German chemist (1889–1935)

Hans Tropsch (October 7, 1889 – October 8, 1935) was a chemist responsible, along with Franz Fischer, for the development of the Fischer–Tropsch process.

== Life ==
Tropsch was born in Plan bei Marienbad, Sudet-German Bohemia at that time part of Austria-Hungary now Czech Republic. He studied at the German Charles-Ferdinand University in Prague and the German Technical University in Prague from 1907 until 1913. He received his Ph.D for work with Hans Meyer.

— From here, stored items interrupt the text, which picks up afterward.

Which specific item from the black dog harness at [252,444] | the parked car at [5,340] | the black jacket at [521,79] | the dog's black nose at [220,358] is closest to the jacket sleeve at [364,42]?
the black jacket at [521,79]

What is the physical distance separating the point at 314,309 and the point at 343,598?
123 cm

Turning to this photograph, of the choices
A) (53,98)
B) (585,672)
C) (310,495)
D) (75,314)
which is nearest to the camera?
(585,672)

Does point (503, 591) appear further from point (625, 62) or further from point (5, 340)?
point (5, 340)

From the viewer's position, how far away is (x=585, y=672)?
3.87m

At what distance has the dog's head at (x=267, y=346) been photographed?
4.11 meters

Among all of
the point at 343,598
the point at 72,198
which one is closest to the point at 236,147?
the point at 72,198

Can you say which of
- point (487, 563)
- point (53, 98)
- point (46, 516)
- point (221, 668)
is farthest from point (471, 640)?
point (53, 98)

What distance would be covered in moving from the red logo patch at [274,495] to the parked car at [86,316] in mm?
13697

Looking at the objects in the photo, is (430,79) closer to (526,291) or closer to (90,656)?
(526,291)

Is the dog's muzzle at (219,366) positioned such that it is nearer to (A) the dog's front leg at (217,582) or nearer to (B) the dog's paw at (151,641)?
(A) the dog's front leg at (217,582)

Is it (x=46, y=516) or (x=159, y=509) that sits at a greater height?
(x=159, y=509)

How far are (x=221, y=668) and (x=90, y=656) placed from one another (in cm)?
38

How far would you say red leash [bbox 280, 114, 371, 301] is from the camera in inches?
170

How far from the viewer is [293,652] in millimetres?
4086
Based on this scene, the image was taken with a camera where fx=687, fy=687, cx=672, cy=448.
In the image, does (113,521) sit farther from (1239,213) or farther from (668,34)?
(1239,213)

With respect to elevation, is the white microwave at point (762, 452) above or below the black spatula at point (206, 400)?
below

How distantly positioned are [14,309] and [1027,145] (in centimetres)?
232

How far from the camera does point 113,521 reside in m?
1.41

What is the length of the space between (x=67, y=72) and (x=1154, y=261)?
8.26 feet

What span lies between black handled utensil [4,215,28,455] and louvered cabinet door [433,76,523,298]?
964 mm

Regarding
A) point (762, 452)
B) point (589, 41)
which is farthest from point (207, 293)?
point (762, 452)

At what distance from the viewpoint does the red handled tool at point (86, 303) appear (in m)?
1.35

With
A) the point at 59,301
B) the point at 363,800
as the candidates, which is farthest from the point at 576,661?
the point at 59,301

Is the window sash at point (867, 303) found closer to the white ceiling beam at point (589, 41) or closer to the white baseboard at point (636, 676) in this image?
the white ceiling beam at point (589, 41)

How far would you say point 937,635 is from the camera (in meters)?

Tropsch worked in a dye factory in Mülheim in 1916–1917, then for a few months at the Kaiser Wilhelm Institute for Coal Research. From 1917 to 1920, Tropsch worked in a tar distillery of the Rütgers company in Niederau, but returned to the Kaiser Wilhelm Institute for Coal Research in 1920, staying until 1928. There he worked with both Franz Fischer and Otto Roelen. It was during this time that the ground-breaking inventions of the Fischer–Tropsch process were patented.

In 1928, Tropsch became professor at the new Institute for Coal Research in Prague. He later accepted a position in the United States at the Laboratories of Universal Oil Products and the Armour Institute of Technology in Chicago in 1931. Due to a severe illness Tropsch returned to Germany in 1935, where he died shortly after his arrival, in a hospital in Essen.